Recentemente foi amplamente noticiada uma decisão do Supremo Tribunal Federal (STF) que envolve o ramo imobiliário. No caso, foi reconhecida a constitucionalidade do procedimento de execução extrajudicial previsto na Lei 9.514/1997 – norma que trata da alienação fiduciária de imóveis. Apesar da grande importância desta decisão, o que pretendemos ressaltar neste artigo é a manifestação do Ministro Luiz Fux acerca da Análise Econômica do Direito (Law and Economics). Este tema foi trazido como parte da fundamentação do Ministro e por vezes é mal compreendido até mesmo no mundo jurídico. Por isso, vamos trazer os contornos básicos da Análise Econômica do Direito e demonstrar a importância prática desta teoria jurídica.

Na semana passada, o STF reconheceu a constitucionalidade do procedimento de execução extrajudicial nos contratos de mútuo com alienação fiduciária de imóvel, pelo Sistema Financeiro Imobiliário – SFI, conforme previsto na Lei n. 9.514/1997. O caso tratava de um financiamento imobiliário de 239 parcelas, sendo que o mutuário pagou 11 delas. Diante disso, a instituição bancária deu início a um procedimento em cartório para recuperar o imóvel e colocá-lo à venda em leilão. O mutuário ajuizou um processo para impedir o leilão, alegando que a recuperação do bem pelo banco não deveria ter sido tramitada em cartório como prevê a lei e o contrato, mas sim necessitaria de uma decisão judicial. Entretanto, o pedido do mutuário foi rejeitado em todas as instâncias.

No Supremo Tribunal Federal, o relator do caso – Ministro Fux – apresentou ampla e sólida fundamentação para concluir pela constitucionalidade da referida lei. Dentre os argumentos pela compatibilidade da lei com a Constituição, o Ministro ressaltou a análise do caso pelo prisma da Análise Econômica do Direito.

O que seria, portanto, a Análise Econômica do Direito (AED)?  A AED é uma teoria jurídica que se utiliza das ferramentas econômicas no Direito. Assim, é possível avaliar como os agentes sociais respondem a uma estrutura de incentivos jurídicos. De forma muito simples e direta: a Análise Econômica do Direito é uma teoria do comportamento humano aplicada ao Direito.

A verdade é que a forma tradicional e dogmática de estudo do Direito nunca ofereceu um instrumento para que os juristas avaliassem as consequências de suas decisões. Na lição do Professor Ivo Gico Jr: “Por essa razão, em sua prática cotidiana, [os juristas] voltaram-se ao exercício de análise e classificação de normas e regras em abstrato, cujo principal instrumento (hermenêutica) em larga medida não passa de um jogo de palavras sob o qual escolhas reais são ignoradas ou simplesmente escamoteadas”.

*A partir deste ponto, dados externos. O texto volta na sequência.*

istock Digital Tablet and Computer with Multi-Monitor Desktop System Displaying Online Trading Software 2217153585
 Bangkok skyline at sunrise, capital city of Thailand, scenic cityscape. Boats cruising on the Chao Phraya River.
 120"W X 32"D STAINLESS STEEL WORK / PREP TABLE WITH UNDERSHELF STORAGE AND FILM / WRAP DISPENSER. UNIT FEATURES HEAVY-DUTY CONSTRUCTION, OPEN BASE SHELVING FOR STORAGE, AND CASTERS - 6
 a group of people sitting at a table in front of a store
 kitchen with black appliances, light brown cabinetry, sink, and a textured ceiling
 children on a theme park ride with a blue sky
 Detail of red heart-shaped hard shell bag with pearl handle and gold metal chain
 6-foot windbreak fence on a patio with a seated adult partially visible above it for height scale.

Nesse sentido, a AED busca aproximar o Direito da realidade que ele pretende normatizar, permitindo que haja uma melhor compreensão dos fenômenos sociais e auxilia na tomada de decisões jurídicas mais fundamentadas e racionais. Por meio dessa teoria jurídica, as leis passam a ser avaliadas de acordo com as suas reais consequências sobre a sociedade.

A AED, quando revela ao jurista a importância das consequências práticas das normas jurídicas, cria dois questionamentos fundamentais que devem ser respondidos: (i) quais são os efeitos de uma regra jurídica; e (ii) qual norma jurídica seria a mais apropriada para ser implementada? Ou seja, é uma análise do impacto do Direito no mundo real e o impacto da realidade no Direito.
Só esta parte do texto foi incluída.